Source material START

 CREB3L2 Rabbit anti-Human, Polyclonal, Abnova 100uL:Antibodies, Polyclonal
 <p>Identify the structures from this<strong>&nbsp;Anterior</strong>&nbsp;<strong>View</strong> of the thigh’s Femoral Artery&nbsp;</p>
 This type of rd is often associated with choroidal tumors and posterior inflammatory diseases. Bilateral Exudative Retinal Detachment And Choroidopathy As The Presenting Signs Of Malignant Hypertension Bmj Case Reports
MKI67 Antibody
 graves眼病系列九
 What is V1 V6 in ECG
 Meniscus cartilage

Source material END
Source material START

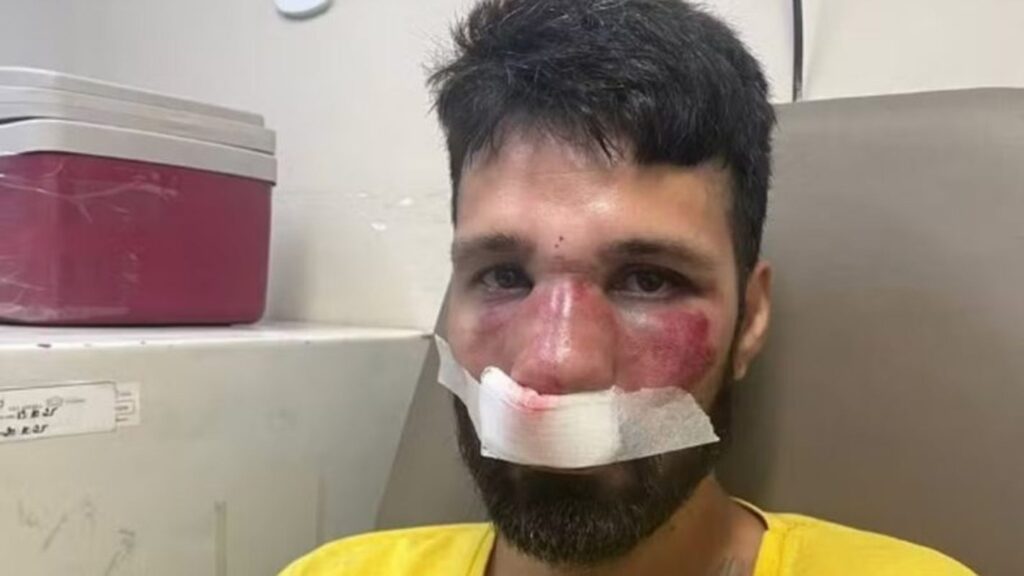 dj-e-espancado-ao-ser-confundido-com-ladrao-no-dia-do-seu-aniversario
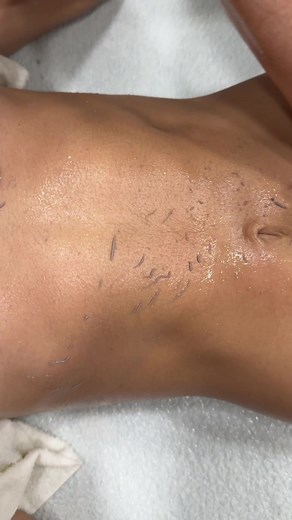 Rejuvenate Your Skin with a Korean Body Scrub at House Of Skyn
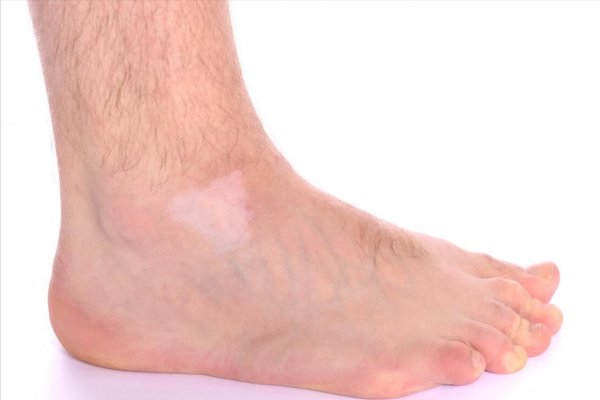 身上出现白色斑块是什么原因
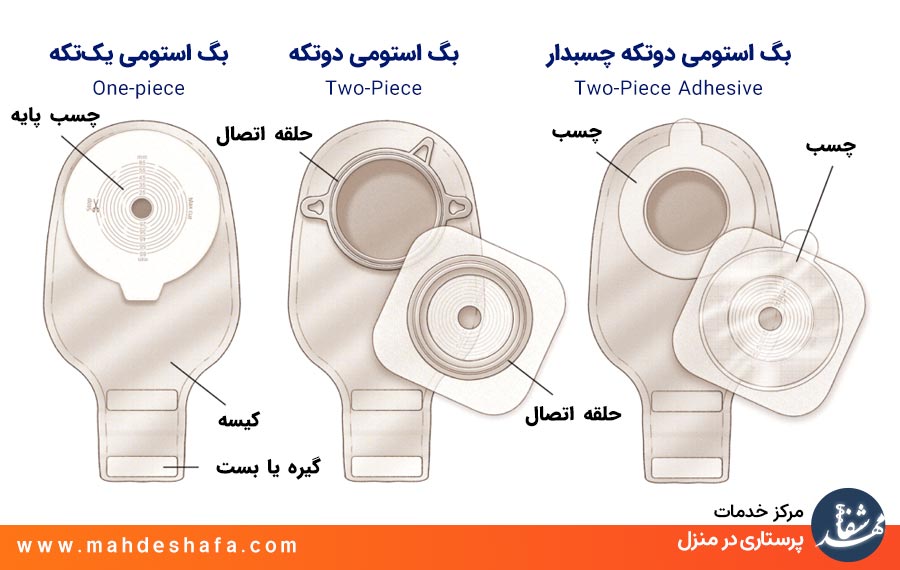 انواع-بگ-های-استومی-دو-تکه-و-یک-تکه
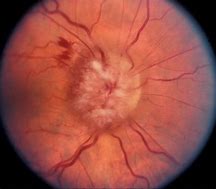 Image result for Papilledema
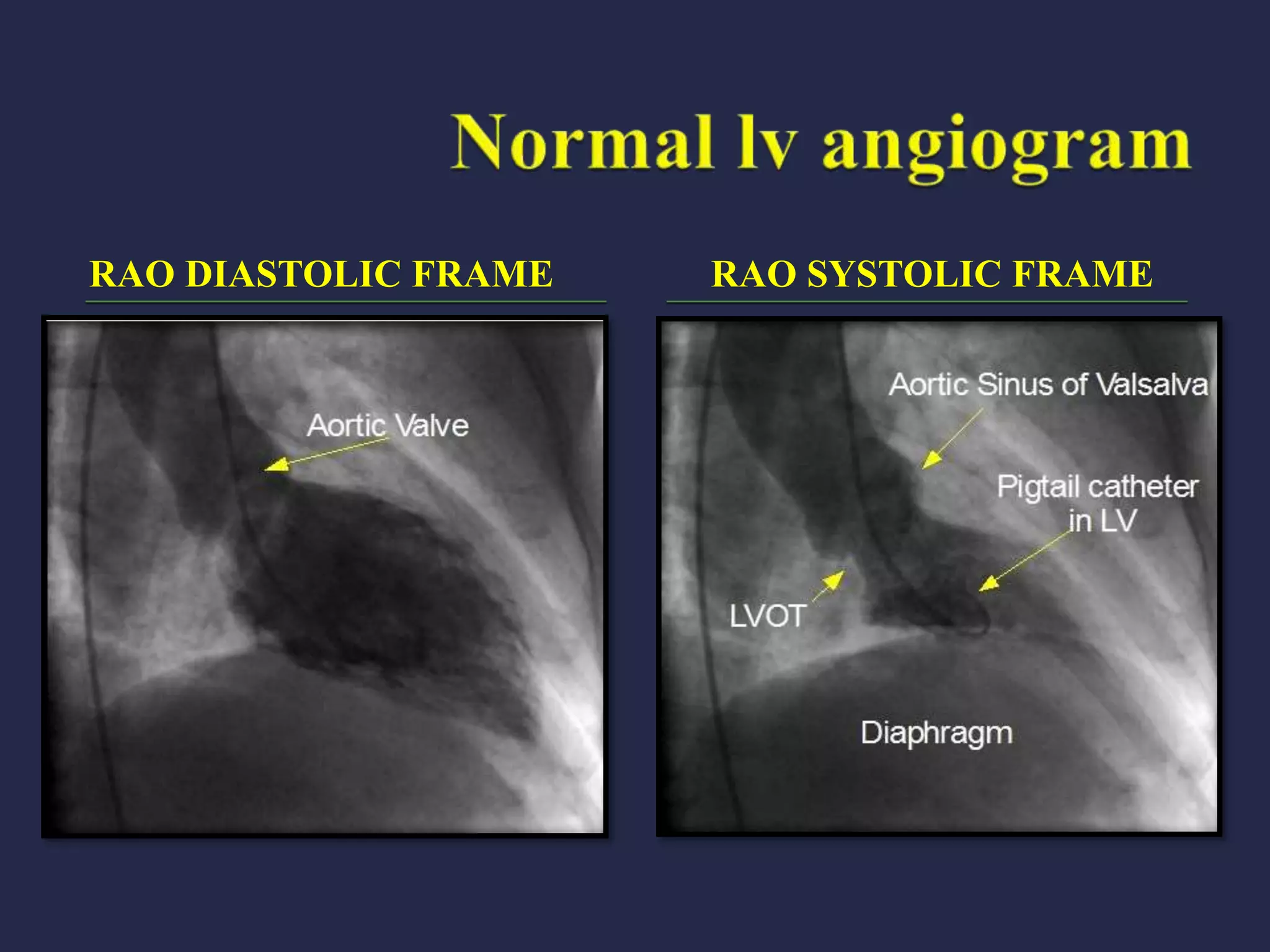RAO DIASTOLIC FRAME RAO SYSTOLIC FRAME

Source material END

Task objective:
Give back exactly, and solely, the section of the data above bounded by the line containing "انواع-بگ-های-استومی-دو-تکه-و-یک-تکه" and the line containing "RAO DIASTOLIC FRAME RAO SYSTOLIC FRAME", both bounding lines included and pictures omitted.

Task solution:
 انواع-بگ-های-استومی-دو-تکه-و-یک-تکه
 Image result for Papilledema
RAO DIASTOLIC FRAME RAO SYSTOLIC FRAME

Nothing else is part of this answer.